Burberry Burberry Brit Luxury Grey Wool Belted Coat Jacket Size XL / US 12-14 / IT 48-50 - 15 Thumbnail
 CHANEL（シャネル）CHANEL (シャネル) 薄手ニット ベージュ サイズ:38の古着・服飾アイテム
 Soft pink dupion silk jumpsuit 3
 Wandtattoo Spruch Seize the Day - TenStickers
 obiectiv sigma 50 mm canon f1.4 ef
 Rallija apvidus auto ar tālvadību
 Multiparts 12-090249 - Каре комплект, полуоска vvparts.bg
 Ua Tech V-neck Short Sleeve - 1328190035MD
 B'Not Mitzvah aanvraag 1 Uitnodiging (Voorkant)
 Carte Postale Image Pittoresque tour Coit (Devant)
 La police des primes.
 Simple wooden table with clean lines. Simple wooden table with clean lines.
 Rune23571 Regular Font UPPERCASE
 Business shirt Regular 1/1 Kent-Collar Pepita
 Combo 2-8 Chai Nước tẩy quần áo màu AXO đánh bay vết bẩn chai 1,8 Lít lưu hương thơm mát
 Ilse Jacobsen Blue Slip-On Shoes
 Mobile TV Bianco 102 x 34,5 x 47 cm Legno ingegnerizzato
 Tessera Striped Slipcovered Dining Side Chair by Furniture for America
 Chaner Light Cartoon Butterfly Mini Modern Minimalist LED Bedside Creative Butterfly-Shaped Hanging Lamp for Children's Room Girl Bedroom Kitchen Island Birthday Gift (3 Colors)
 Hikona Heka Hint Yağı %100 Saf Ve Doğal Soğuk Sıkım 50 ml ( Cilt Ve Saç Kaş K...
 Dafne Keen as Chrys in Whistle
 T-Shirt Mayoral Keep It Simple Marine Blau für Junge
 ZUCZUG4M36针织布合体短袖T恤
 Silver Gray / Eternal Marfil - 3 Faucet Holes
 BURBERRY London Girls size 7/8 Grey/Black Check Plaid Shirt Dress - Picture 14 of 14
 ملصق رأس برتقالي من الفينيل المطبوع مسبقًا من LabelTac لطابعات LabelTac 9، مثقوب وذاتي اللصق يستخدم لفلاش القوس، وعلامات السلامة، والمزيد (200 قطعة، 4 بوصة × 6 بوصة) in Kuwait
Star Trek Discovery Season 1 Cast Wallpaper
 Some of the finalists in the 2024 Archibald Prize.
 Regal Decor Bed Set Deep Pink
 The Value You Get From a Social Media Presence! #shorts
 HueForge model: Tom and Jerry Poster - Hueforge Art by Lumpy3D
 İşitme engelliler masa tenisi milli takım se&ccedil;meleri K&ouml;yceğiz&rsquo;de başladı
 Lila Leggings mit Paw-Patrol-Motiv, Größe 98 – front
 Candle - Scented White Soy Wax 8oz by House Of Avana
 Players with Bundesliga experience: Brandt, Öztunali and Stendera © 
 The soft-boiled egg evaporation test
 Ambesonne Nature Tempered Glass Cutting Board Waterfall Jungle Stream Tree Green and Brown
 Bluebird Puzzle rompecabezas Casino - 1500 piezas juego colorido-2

Your assignment –
Look through the data above and return each line where the string "with" occurs.

Reply –
 Simple wooden table with clean lines. Simple wooden table with clean lines.
 Players with Bundesliga experience: Brandt, Öztunali and Stendera © 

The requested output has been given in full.